It’s been so long since a new Sly Cooper game came out, one could be forgiven for thinking Thieves in Time is his “one last job” – that fateful errand that proves to be the undoing of so many retired crooks.
Perhaps it is so – Sly has been in a retirement of sorts, faking amnesia to be with his cop girlfriend Carmelita following the events of Sly 3. However, once pages of family heirloom and stealing guide the Thievius Raccoonus begin disappearing, Cooper is forced to join Bentley the turtle and the annoying hippo fella in a caper that involves travelling back through time to retrieve the sacred text.
Those familiar with Sly 2 or 3 will recognise almost everything offered here, for although the franchise is in new hands at Sanzaru Games (Sucker Punch has since moved on to the Infamous series), not a whole lot of new stuff has been introduced. Sly still sneaks about, picking pockets and clambering up all manner of vertical objects; Bentley zooms around on his bomb-launching wheelchair and hacks computers; and Murray continues to be irritatingly dense, but at least he knows how to punch.

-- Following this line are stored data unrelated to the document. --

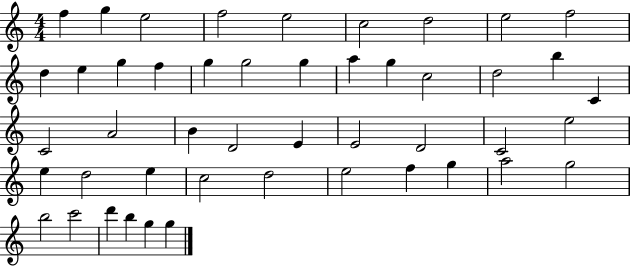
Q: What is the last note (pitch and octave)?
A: G5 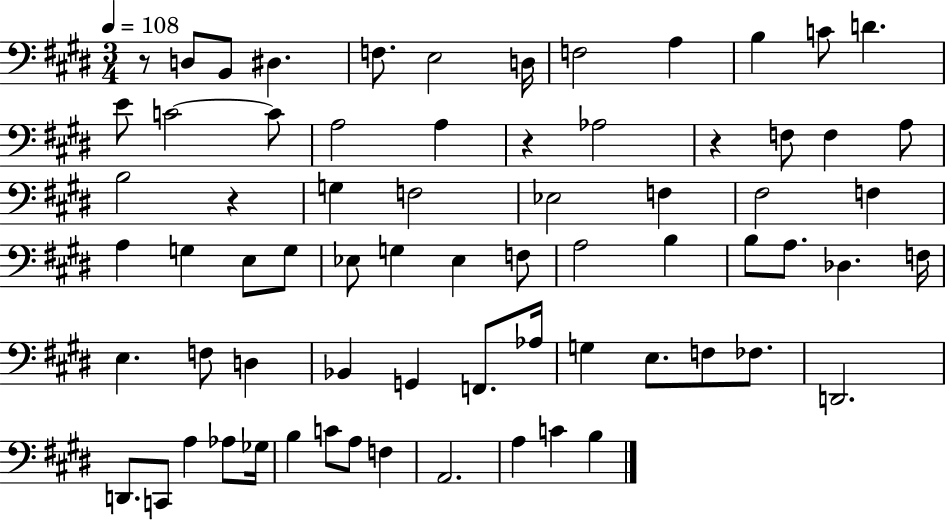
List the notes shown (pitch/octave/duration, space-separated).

R/e D3/e B2/e D#3/q. F3/e. E3/h D3/s F3/h A3/q B3/q C4/e D4/q. E4/e C4/h C4/e A3/h A3/q R/q Ab3/h R/q F3/e F3/q A3/e B3/h R/q G3/q F3/h Eb3/h F3/q F#3/h F3/q A3/q G3/q E3/e G3/e Eb3/e G3/q Eb3/q F3/e A3/h B3/q B3/e A3/e. Db3/q. F3/s E3/q. F3/e D3/q Bb2/q G2/q F2/e. Ab3/s G3/q E3/e. F3/e FES3/e. D2/h. D2/e. C2/e A3/q Ab3/e Gb3/s B3/q C4/e A3/e F3/q A2/h. A3/q C4/q B3/q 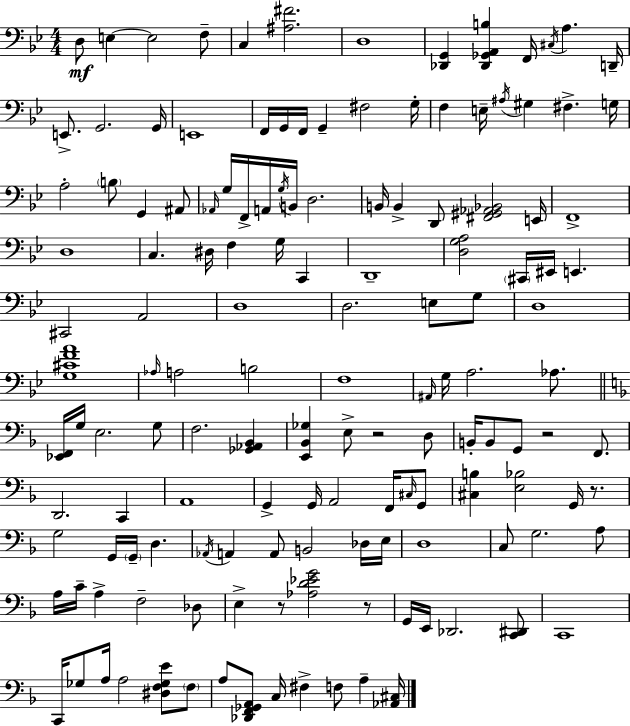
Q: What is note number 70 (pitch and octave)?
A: G3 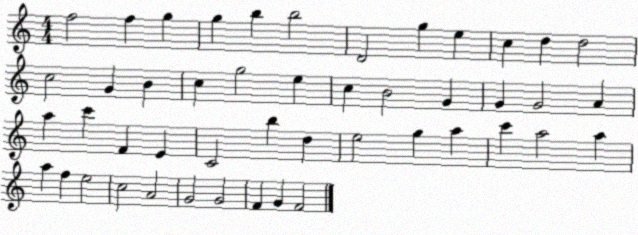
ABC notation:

X:1
T:Untitled
M:4/4
L:1/4
K:C
f2 f g g b b2 D2 g e c d d2 c2 G B c g2 e c B2 G G G2 A a c' F E C2 b d e2 g a c' a2 a a f e2 c2 A2 G2 G2 F G F2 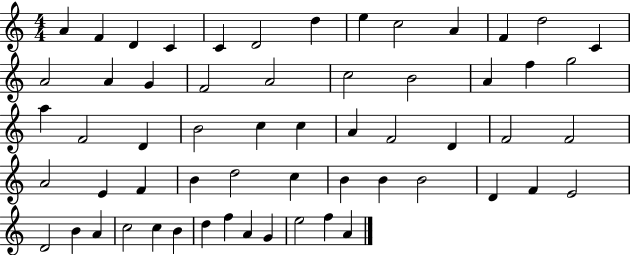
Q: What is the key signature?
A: C major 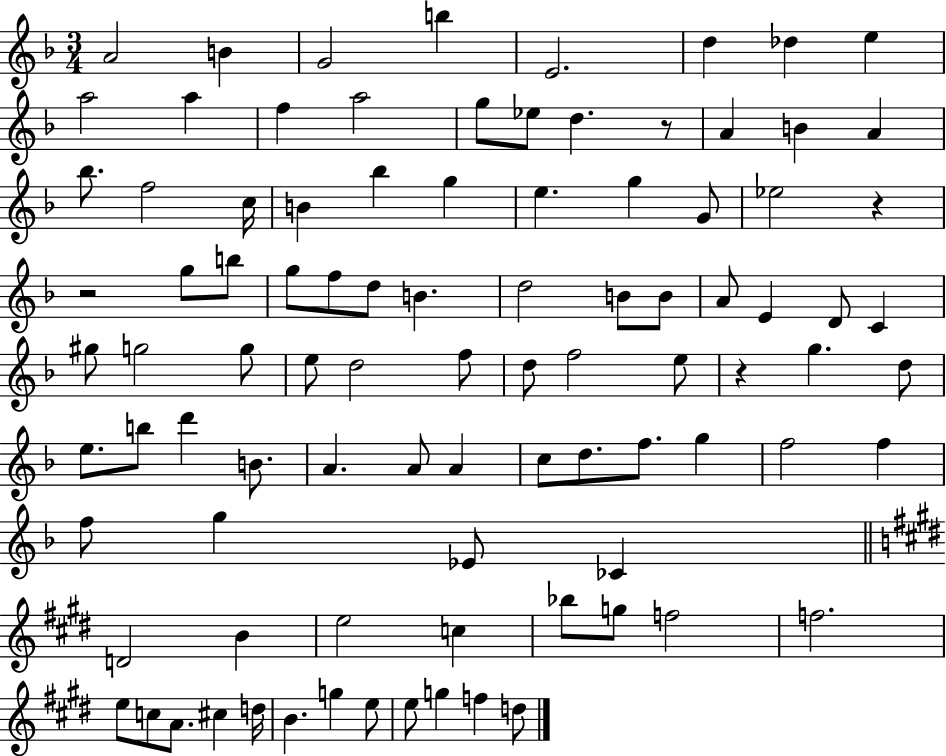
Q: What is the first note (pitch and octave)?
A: A4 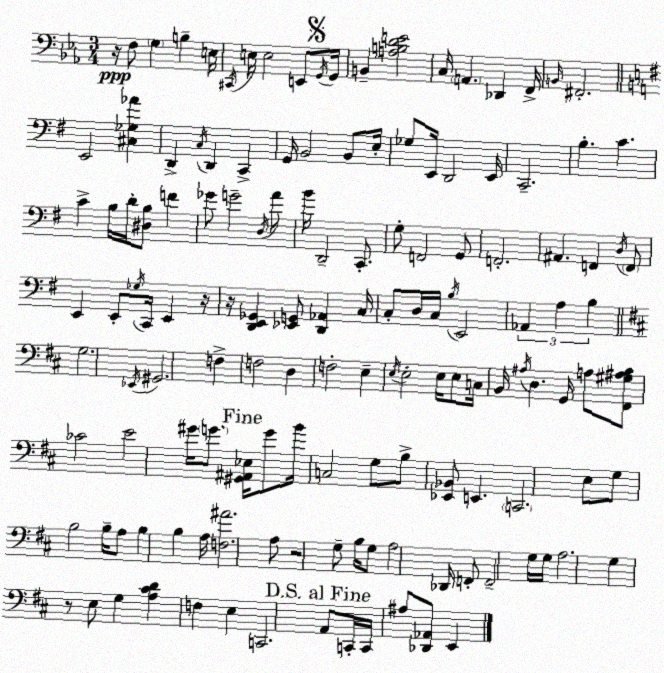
X:1
T:Untitled
M:3/4
L:1/4
K:Eb
z/4 F,/2 G, B, E,/4 ^C,,/4 E,/4 E,2 E,,/2 G,,/4 G,,/4 B,, [A,B,DE]2 C,/4 A,, _D,, F,,/4 B,,/4 ^F,,2 E,,2 [^C,_G,_A] D,, C,/4 D,, C,, G,,/4 B,,2 B,,/2 E,/4 _G,/2 E,,/4 D,,2 E,,/4 C,,2 B, C C B,/4 D/4 [^D,B,]/2 F _G/2 G2 D,/4 A/2 B/4 D,,2 C,,/2 G,/2 F,,2 G,,/2 F,,2 ^A,, F,, D,/4 F,,/2 E,, E,,/2 _G,/4 C,,/4 E,, z/4 z/4 [D,,E,,_G,,] [_E,,G,,]/2 [D,,_A,,] C,/4 C,/2 D,/4 C,/4 B,/4 E,,2 _A,, A, B, G,2 _E,,/4 ^G,,2 F, F,2 D, F,2 E, E,/4 E,2 E,/4 E,/2 C,/4 B,,/4 ^A,/4 D, G,,/4 A,/2 [^F,,^G,^A,B,]/2 _C2 E2 ^G/4 G/2 [^G,,^A,,_E,]/4 G/2 B/4 C,2 G,/2 B,/2 [_E,,_B,,]/2 E,, C,,2 E,/2 G,/2 B,2 B,/4 A,/2 B, B, A,/4 [F,^A]2 A,/2 z2 G,/2 B,/4 G,/2 A,2 _D,,/4 F,,/2 F,,2 G,/4 G,/4 A,2 G, z/2 E,/2 G, [A,^CD] F, E, C,,2 A,,/2 C,,/4 C,,/4 ^A,/2 [_D,,_A,,]/2 E,, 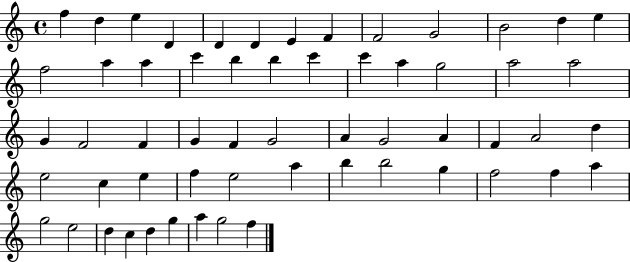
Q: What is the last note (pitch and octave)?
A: F5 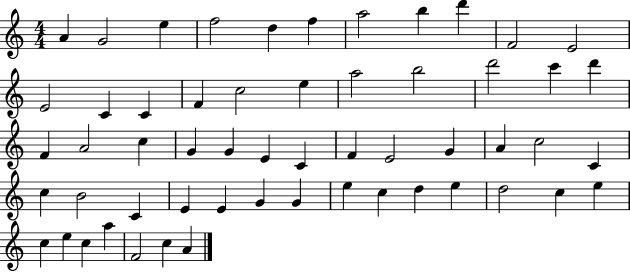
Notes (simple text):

A4/q G4/h E5/q F5/h D5/q F5/q A5/h B5/q D6/q F4/h E4/h E4/h C4/q C4/q F4/q C5/h E5/q A5/h B5/h D6/h C6/q D6/q F4/q A4/h C5/q G4/q G4/q E4/q C4/q F4/q E4/h G4/q A4/q C5/h C4/q C5/q B4/h C4/q E4/q E4/q G4/q G4/q E5/q C5/q D5/q E5/q D5/h C5/q E5/q C5/q E5/q C5/q A5/q F4/h C5/q A4/q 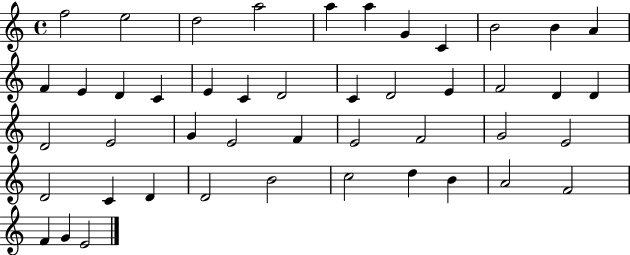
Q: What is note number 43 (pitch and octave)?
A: F4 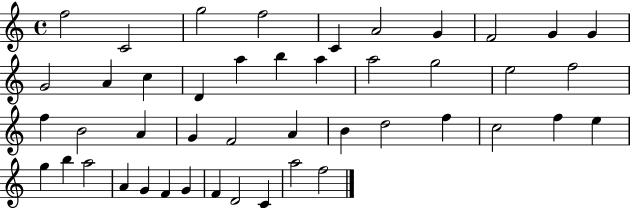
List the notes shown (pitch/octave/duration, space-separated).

F5/h C4/h G5/h F5/h C4/q A4/h G4/q F4/h G4/q G4/q G4/h A4/q C5/q D4/q A5/q B5/q A5/q A5/h G5/h E5/h F5/h F5/q B4/h A4/q G4/q F4/h A4/q B4/q D5/h F5/q C5/h F5/q E5/q G5/q B5/q A5/h A4/q G4/q F4/q G4/q F4/q D4/h C4/q A5/h F5/h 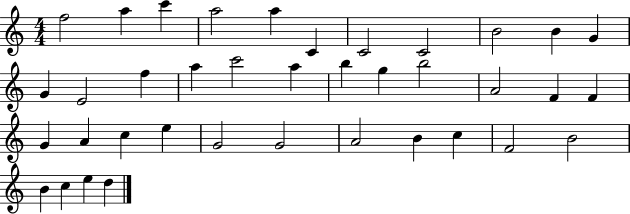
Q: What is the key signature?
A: C major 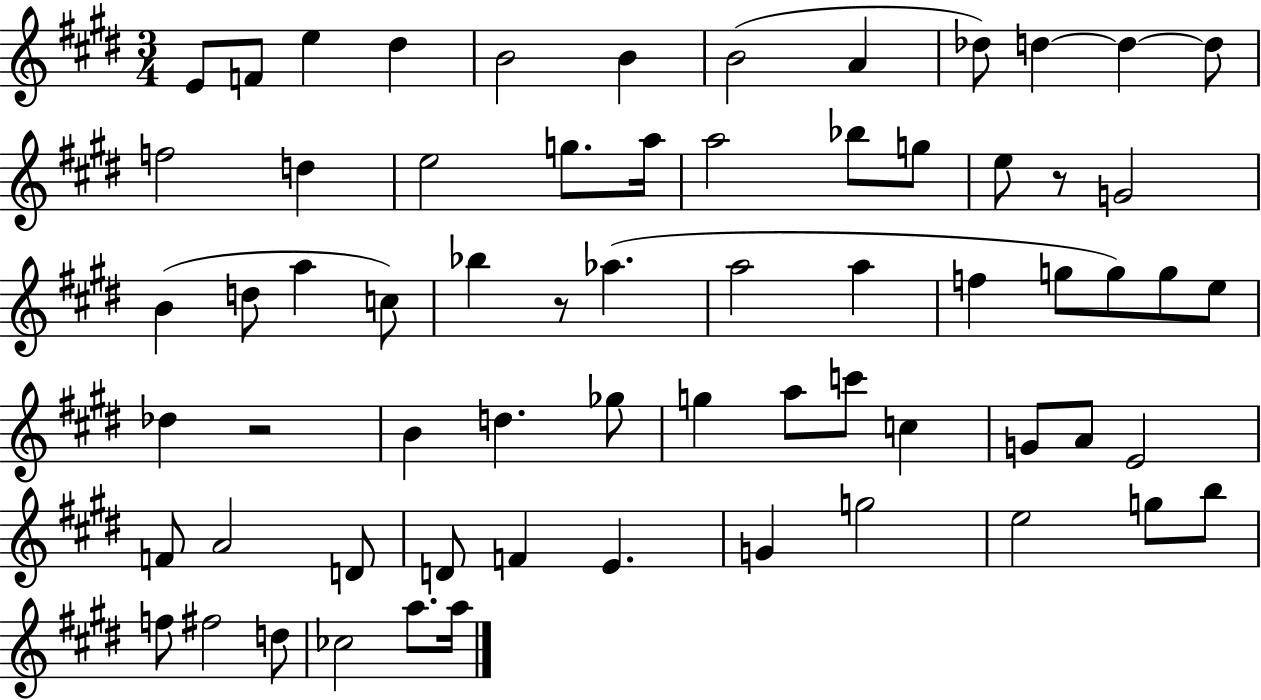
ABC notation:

X:1
T:Untitled
M:3/4
L:1/4
K:E
E/2 F/2 e ^d B2 B B2 A _d/2 d d d/2 f2 d e2 g/2 a/4 a2 _b/2 g/2 e/2 z/2 G2 B d/2 a c/2 _b z/2 _a a2 a f g/2 g/2 g/2 e/2 _d z2 B d _g/2 g a/2 c'/2 c G/2 A/2 E2 F/2 A2 D/2 D/2 F E G g2 e2 g/2 b/2 f/2 ^f2 d/2 _c2 a/2 a/4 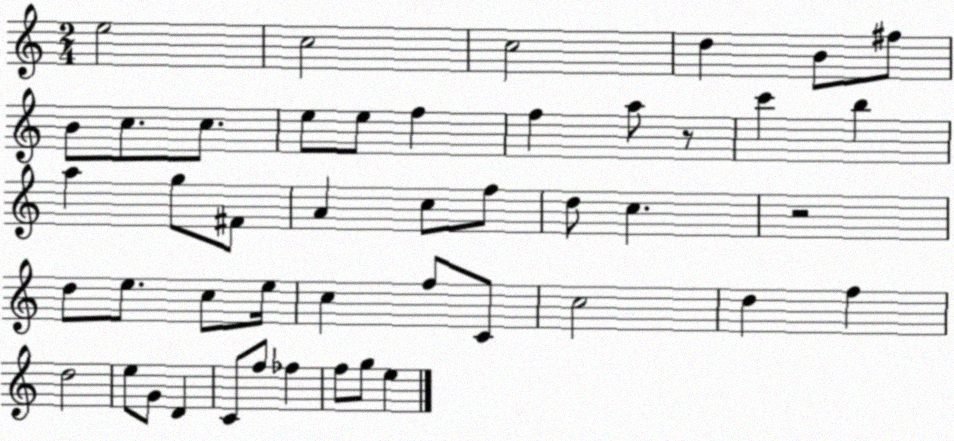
X:1
T:Untitled
M:2/4
L:1/4
K:C
e2 c2 c2 d B/2 ^f/2 B/2 c/2 c/2 e/2 e/2 f f a/2 z/2 c' b a g/2 ^F/2 A c/2 f/2 d/2 c z2 d/2 e/2 c/2 e/4 c f/2 C/2 c2 d f d2 e/2 G/2 D C/2 f/2 _f f/2 g/2 e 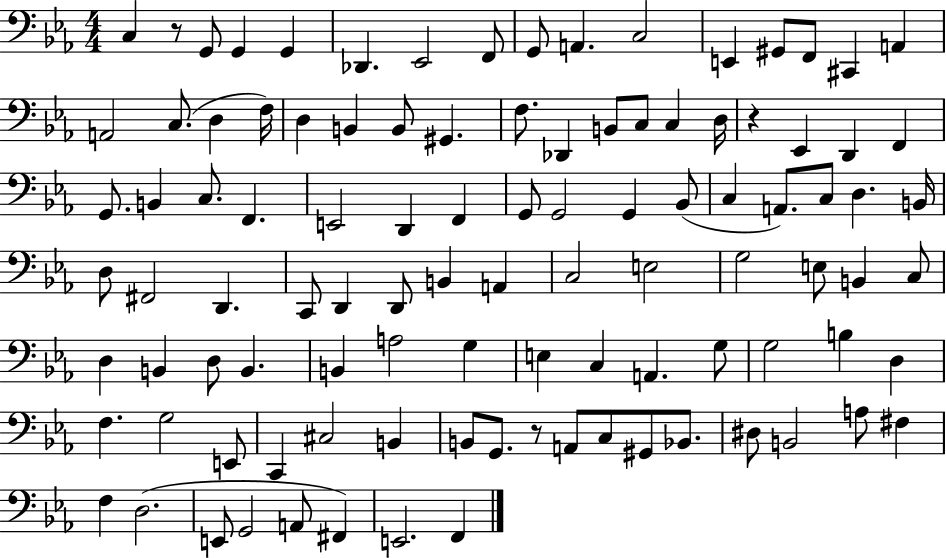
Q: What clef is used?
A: bass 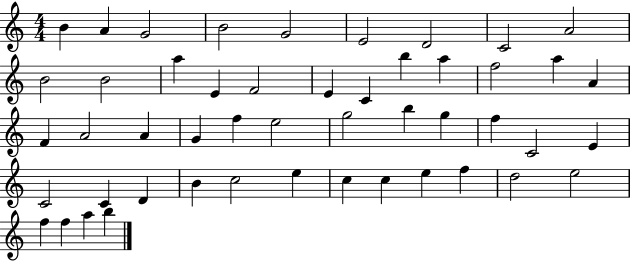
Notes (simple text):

B4/q A4/q G4/h B4/h G4/h E4/h D4/h C4/h A4/h B4/h B4/h A5/q E4/q F4/h E4/q C4/q B5/q A5/q F5/h A5/q A4/q F4/q A4/h A4/q G4/q F5/q E5/h G5/h B5/q G5/q F5/q C4/h E4/q C4/h C4/q D4/q B4/q C5/h E5/q C5/q C5/q E5/q F5/q D5/h E5/h F5/q F5/q A5/q B5/q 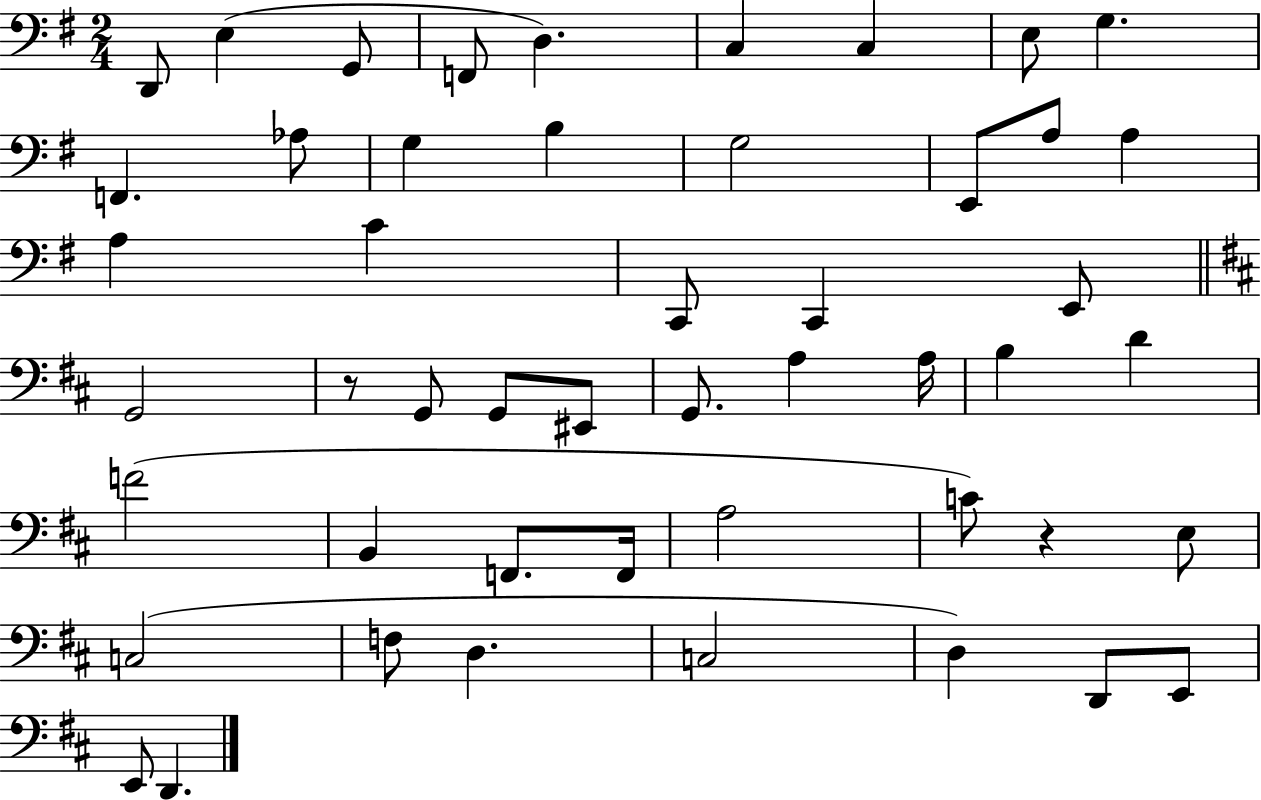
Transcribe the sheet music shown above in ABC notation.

X:1
T:Untitled
M:2/4
L:1/4
K:G
D,,/2 E, G,,/2 F,,/2 D, C, C, E,/2 G, F,, _A,/2 G, B, G,2 E,,/2 A,/2 A, A, C C,,/2 C,, E,,/2 G,,2 z/2 G,,/2 G,,/2 ^E,,/2 G,,/2 A, A,/4 B, D F2 B,, F,,/2 F,,/4 A,2 C/2 z E,/2 C,2 F,/2 D, C,2 D, D,,/2 E,,/2 E,,/2 D,, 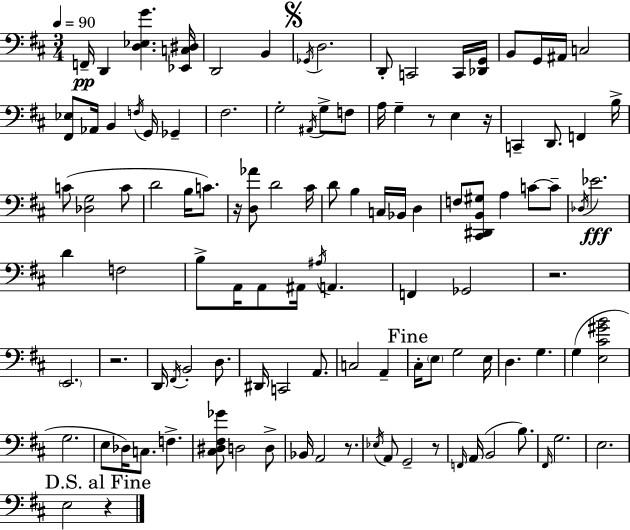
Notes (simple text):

F2/s D2/q [D3,Eb3,G4]/q. [Eb2,C3,D#3]/s D2/h B2/q Gb2/s D3/h. D2/e C2/h C2/s [Db2,G2]/s B2/e G2/s A#2/s C3/h [F#2,Eb3]/e Ab2/s B2/q F3/s G2/s Gb2/q F#3/h. G3/h A#2/s G3/e F3/e A3/s G3/q R/e E3/q R/s C2/q D2/e. F2/q B3/s C4/e [Db3,G3]/h C4/e D4/h B3/s C4/e. R/s [D3,Ab4]/e D4/h C#4/s D4/e B3/q C3/s Bb2/s D3/q F3/e [C#2,D#2,B2,G#3]/e A3/q C4/e C4/e Db3/s Eb4/h. D4/q F3/h B3/e A2/s A2/e A#2/s A#3/s A2/q. F2/q Gb2/h R/h. E2/h. R/h. D2/s F#2/s B2/h D3/e. D#2/s C2/h A2/e. C3/h A2/q C#3/s E3/e G3/h E3/s D3/q. G3/q. G3/q [E3,C#4,G#4,B4]/h G3/h. E3/e Db3/s C3/e. F3/q. [C#3,D#3,F#3,Gb4]/e D3/h D3/e Bb2/s A2/h R/e. Eb3/s A2/e G2/h R/e F2/s A2/s B2/h B3/e. F#2/s G3/h. E3/h. E3/h R/q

Indeed, the game plays much as before: avoid detection by dim-witted guards or be prepared to throw down, play twin-stick shooter minigames to access computers, collect coins and bottles to unlock abilities, and punch the feistier animals in the face when they get in the way of the loot. The platforming is typically solid, with Sly able to hang from or anything that glows blue thanks to his thief sense, and all time periods are filled with amusingly-mannered and well-animated anthropomorphic creatures.
An expanded roster along the lines of Sly 3 is present too, with a reshuffled cast. Sly’s trips through time allow the player to complete some missions using an ancestor of the present-day Mr Cooper, each of whom has their own handy special moves. For example, the Wild West’s “Tennessee Kid” Cooper totes a rifle that’s handy for smiting enemies at anything up to medium distance, but he can also slide along railway tracks, which is great for covering large distances quickly.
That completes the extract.